The inquiry follows a report from last week revealing that four Chinese nationals travelled from Beijing to Kuala Lumpur, each one carrying HDDs with tens of terabytes of spreadsheets, images, and video clips for training an AI model on 300 servers containing Nvidia processors that their employer rented in a Malaysian data center (we certainly cannot say that we are dealing with a powerful cluster as these machines contained 2,400 GPUs at best). While such actions do not breach any local laws, they enable Chinese companies to use Nvidia processors that are restricted from being sold to China and Chinese entities, potentially breaking U.S. export rules.
Malaysia is not under sanctions or restrictions imposed by the U.S. government, so companies can ship advanced AI GPUs, such as Nvidia's H100, H200, or B200. However, the local market for such hardware is relatively small in the country.

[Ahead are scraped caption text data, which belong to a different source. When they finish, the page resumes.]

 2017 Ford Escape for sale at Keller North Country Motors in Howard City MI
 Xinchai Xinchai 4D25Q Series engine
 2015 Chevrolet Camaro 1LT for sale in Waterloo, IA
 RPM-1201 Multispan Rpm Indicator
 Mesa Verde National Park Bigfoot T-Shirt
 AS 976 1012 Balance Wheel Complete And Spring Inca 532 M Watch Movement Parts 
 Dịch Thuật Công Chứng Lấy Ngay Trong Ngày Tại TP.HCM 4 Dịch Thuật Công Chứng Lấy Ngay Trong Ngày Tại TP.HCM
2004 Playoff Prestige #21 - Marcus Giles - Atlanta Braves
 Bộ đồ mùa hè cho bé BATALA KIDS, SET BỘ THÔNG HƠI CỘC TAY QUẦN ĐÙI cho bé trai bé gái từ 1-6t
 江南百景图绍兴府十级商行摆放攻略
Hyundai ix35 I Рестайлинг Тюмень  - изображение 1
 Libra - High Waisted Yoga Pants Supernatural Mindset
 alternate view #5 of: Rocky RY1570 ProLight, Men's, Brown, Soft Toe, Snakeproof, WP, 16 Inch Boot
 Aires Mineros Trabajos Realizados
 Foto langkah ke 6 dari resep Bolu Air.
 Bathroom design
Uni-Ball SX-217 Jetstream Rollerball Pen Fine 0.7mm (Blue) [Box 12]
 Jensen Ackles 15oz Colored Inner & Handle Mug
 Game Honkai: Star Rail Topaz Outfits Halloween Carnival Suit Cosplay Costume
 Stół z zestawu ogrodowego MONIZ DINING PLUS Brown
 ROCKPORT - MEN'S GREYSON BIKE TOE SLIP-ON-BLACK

Nonetheless, in April, it turned out that exports of computer systems (which include) from Taiwan to Malaysia began to rise steeply in November 2023, after the U.S. imposed restrictions on selling H800 processors to China. Shipments of computer systems (which include Nvidia's DGX and HGX AI servers) from Taiwan increased to $985 million and $1.874 billion, respectively. Given the lack of local AI startups in Malaysia, it was natural for industry observers to suspect that Malaysian companies smuggled advanced Nvidia GPUs to China (which is outright illegal) or rented them to Chinese entities. As it turned out, the latter was the case.
Malaysia's MITI noted that it is coordinating with other relevant government bodies to confirm the facts of the case. It has not yet concluded whether the reported actions conflict with any standing Malaysian laws or regulatory frameworks.
For now, it remains to be seen what the police investigation will conclude and whether this way of evading U.S. export controls by Chinese entities will be shut down by Malaysian authorities. Nonetheless, the report and the investigation are good evidence that Chinese companies still have access to Nvidia's GPUs despite the White House's attempts to block such access.